After filing a lawsuit on Friday, Hamilton County School officials have countered a city offer to make reparations for years of unpaid liquor taxes.
Within hours the city rejected the offer, with the mayor's chief of staff concluding: "It's time to let the lawyers handle it."
It's the latest back-and-forth in a months-long battle between the county school system and the City of Chattanooga over millions in unpaid liquor-by-the-drink taxes. Monday's counteroffer includes a five-year repayment plan for the $11.7 million -- an idea also included in an earlier proposal from Mayor Andy Berke -- that school officials say is due from unpaid taxes between 1998 and 2014.
The proposal from Superintendent Rick Smith suggests that the city owes at least an additional $3.5 million and asks for transfer of the former Poss Homes public housing site and the North River YMCA swimming pool from the city to the school system as well.
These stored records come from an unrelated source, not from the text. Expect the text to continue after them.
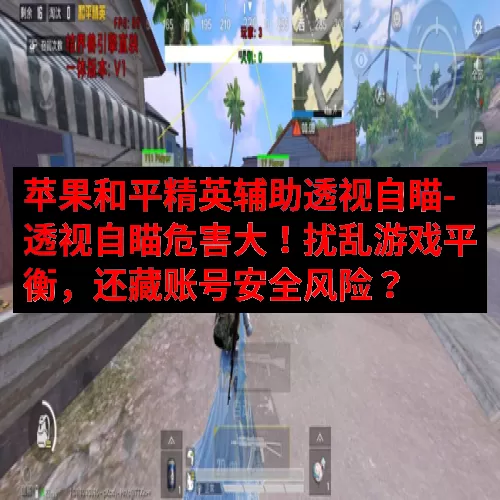 苹果和平精英辅助透视自瞄-透视自瞄危害大！扰乱游戏平衡，还藏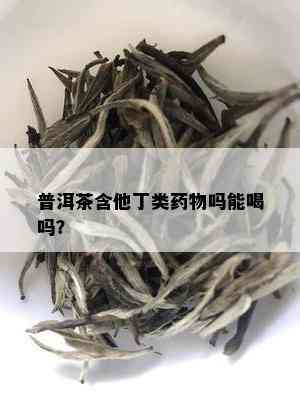 普洱茶含他丁类药物吗能喝吗？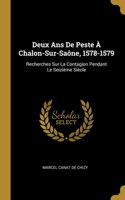 Deux Ans De Peste À Chalon-Sur-Saône, 1578-1579: Recherches Sur La Contagion Pendant Le Seizième Siècle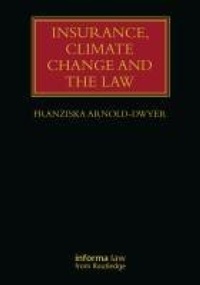 Abbildung von: Insurance, Climate Change and the Law - Informa Law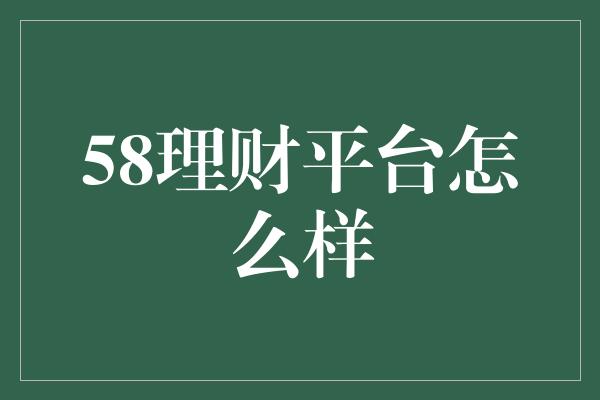 58理财平台怎么样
As recently as last month's one-on-one meeting between Berke and Smith, the school system had pointed to an $11.7 million debt, Berke Chief of Staff Travis McDonough said in a news release. And the city says this is the first it is hearing about the additional $3.5 million.
"We are now hearing a new, increased amount -- almost one-third higher than the $11.7 million stated repeatedly over the last twelve months," McDonough said. "When HCDE decides to increase the amount owed by nearly 30 percent, file a lawsuit, and state that the City is not operating in good faith, it's time to let the lawyers handle it."
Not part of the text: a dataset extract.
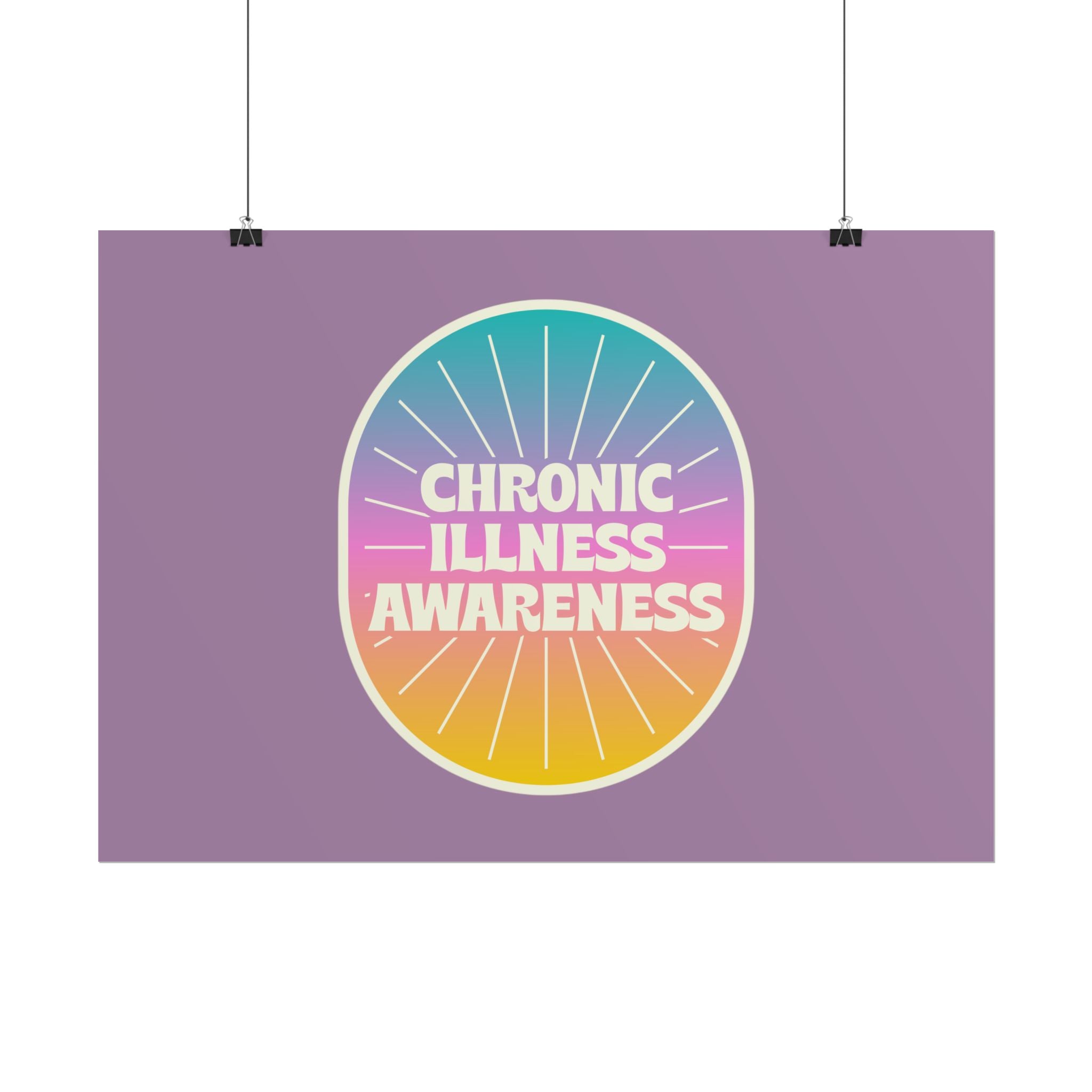 Chronic Illness Awareness - Rolled Poster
City and schools officials had been in the midst of a 30-day working period over the back taxes.
But on Friday, spurred by legislation pending in Nashville and talks they said were going nowhere, school officials filed suit seeking the full $11.7 million, interest and attorney fees, plus an unknown amount of taxes believed to have gone unpaid for nearly three decades.
Berke responded that same day with the first solid offer to pay the disputed amount in full. Under that proposal, payments would have been made over the next five years.
But the money came with strings attached, including: Hamilton County would start paying its stormwater fees and the new revenue from the city would benefit "the schools the City's children attend," possibly excluding schools in the outlying parts of the county.
Berke outlined in his letter on Friday that he hoped school officials would accept this offer, otherwise: "We are merely going to spend a significant amount of time at taxpayer expense to resolve this issue."
Smith's counter on Monday went further, suggesting the city owes at least an additional $3.5 million and asking that the city:
• Start paying back the $11.7 million in five annual payments of $2.34 million, beginning July 1.
• Forgive $1.7 million in stormwater fees accrued by the Board of Education.
• Transfer the title of Poss Homes to the school board.
• Forgive any debt and release any lien on the North River YMCA swimming pool.
School officials have long wanted the former Poss site to build a much-needed replacement for Howard School's dilapidated football and track stadium.
"My proposal would do more than merely clear the City's debt, which I presume to be your intention," Smith wrote to Berke on Monday. "By transferring the properties in question, neither of which is of use to the City, the City would be enabling the Board to better the communities in which they are located."
Chattanooga isn't alone in its dispute with the school system, as cities across the state grapple with the prospect of owing millions that mistakenly went unpaid for years.
When Berke took office in April 2013, he had sought to satisfy the debt with cash and the transfer of Poss Homes, though the total amount of that deal wasn't near the $11.7 million school leaders said was owed.
No deal was officially reached, and school board members were bolstered by a February opinion from the Tennessee attorney general that said school boards can't waive any past-due liquor taxes.
School officials said last week's suit was a last resort to overcome a stalemate because they said talks with the city were getting nowhere. And they worried that a bill circulating in Nashville in recent days could threaten the schools' claim to the cash owed.